Christmas Math Problem 2

In Santa's workshop, there is a large, rectangular room. All of the points on this rectangle are labelled $A$ , $B$ , $C$ , and $D$ . $A$ and $B$ are the two points on the corners on the floor, and $C$ and $D$ are the ones on the roof. We are going to assume that this room is two-dimensional, so there are only four points. Inside of this rectangular room, there is a skating rink across the floor, which is used by all of the elves in Santa's workshop. This skating rink stretches all the way from point $A$ to point $B$ , across the floor. Above this skating rink is a slide, and a ramp leading up to the slide. This slide and ramp stretch all the way over the skating rink, ending at the points $A$ and $B$ . We will call the point where the ramp ends and the slide starts going down as $Y$ . We can measure that the side length of the slide, or line $AY$ is equal to 15, the length of the ramp or line $BY$ is 18 and the angle between the $AY$ and $BY$ at point $Y$ is equal to $57$ degrees.

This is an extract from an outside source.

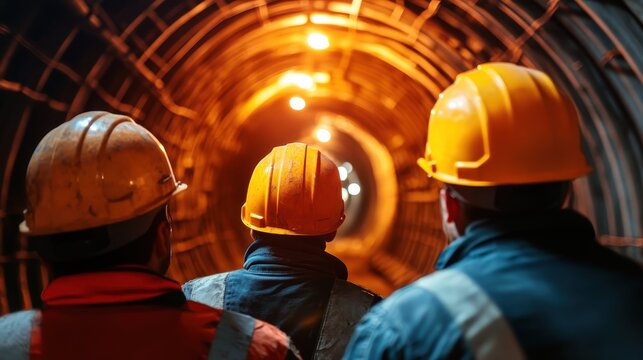 Three construction workers with hard hats are seen from behind as they look into a well-lit tunnel, symbolizing hard work, construction, and teamwork in an engineering project.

If an elf skating across the rink starts at point $A$ , and their acceleration is modelled by the differential equation, $a(x)$ = $3x^2 + 6$ , where $x$ is the elf's position, and $a(x)$ is the acceleration, and we know that $v(x)$ , which is velocity, at $v(2)$ is equal to $9$ , then what is the elf's velocity when it is at point $B$ , rounded to the nearest hundredth?